The situation was this:
Carolina and Wake Forest were locked in a 10-10 struggle on a chilly, windy afternoon in front of a record crowd at Groves Stadium. Bowl implications hung in the balance. The Deacons were juiced after just scoring a 21-yard touchdown on a freak interception of a deflected pass, but the Tar Heel offense had responded and efficiently driven from its 27 to the Deacon three. The key play was a 34-yard reception by Derrele Mitchell after faking his defender with a perfectly executed stutter route.

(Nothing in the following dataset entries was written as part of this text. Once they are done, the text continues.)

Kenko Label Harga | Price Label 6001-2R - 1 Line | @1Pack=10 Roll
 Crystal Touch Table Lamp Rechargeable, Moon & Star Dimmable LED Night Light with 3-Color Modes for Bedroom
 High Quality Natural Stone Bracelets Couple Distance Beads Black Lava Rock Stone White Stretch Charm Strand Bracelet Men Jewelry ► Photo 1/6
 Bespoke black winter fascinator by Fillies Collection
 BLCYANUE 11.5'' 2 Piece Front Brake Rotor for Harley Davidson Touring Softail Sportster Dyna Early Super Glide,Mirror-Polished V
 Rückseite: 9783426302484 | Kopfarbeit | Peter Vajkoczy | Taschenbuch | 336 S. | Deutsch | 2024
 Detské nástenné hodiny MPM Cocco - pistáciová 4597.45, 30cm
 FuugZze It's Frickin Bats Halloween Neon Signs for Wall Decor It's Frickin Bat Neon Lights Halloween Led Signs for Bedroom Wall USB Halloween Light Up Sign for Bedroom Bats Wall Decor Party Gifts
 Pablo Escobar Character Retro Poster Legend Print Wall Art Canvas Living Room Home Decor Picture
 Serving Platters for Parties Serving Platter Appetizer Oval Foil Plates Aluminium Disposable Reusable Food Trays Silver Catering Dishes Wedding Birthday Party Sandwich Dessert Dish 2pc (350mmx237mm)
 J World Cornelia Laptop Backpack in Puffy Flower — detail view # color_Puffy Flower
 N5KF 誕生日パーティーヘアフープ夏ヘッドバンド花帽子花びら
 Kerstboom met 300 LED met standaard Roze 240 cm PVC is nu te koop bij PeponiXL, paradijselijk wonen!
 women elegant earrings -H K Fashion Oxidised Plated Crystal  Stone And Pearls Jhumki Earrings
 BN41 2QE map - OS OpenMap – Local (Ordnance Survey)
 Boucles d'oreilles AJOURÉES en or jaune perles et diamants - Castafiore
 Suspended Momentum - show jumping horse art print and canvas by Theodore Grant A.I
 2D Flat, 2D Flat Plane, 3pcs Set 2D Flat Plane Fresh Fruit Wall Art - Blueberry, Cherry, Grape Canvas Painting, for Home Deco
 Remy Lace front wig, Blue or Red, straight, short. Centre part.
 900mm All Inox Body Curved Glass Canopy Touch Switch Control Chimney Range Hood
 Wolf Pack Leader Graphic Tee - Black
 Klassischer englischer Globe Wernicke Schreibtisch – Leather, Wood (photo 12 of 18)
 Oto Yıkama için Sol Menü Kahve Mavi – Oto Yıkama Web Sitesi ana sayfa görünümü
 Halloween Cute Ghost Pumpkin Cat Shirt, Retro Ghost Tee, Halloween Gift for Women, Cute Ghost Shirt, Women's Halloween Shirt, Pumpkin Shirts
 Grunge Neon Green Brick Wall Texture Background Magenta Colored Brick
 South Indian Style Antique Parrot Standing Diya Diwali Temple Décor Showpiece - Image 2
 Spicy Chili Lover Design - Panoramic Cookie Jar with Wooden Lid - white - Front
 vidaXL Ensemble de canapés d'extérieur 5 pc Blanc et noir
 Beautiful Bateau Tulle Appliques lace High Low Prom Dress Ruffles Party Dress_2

All day Carolina had used play-action to the left side and come back with a bootleg to the right and a pass to the tight end with outstanding efficiency. Jon Hamlett, Scott Brumett and Justin Phillips would combine for five catches, 63 yards and one TD, with four of the catches from this "Hoax" family of plays in the playbook of coordinator Gary Tranquill. On second down, Durant faked a handoff to Ronnie McGill, who feigned a run to the left behind the blocking of a pulling guard and fullback. Durant wheeled and rolled out to the right, looking for tight end Jocques Dumas in the end zone. When Dumas was covered, Durant tucked the ball at the 10 and headed toward the goal.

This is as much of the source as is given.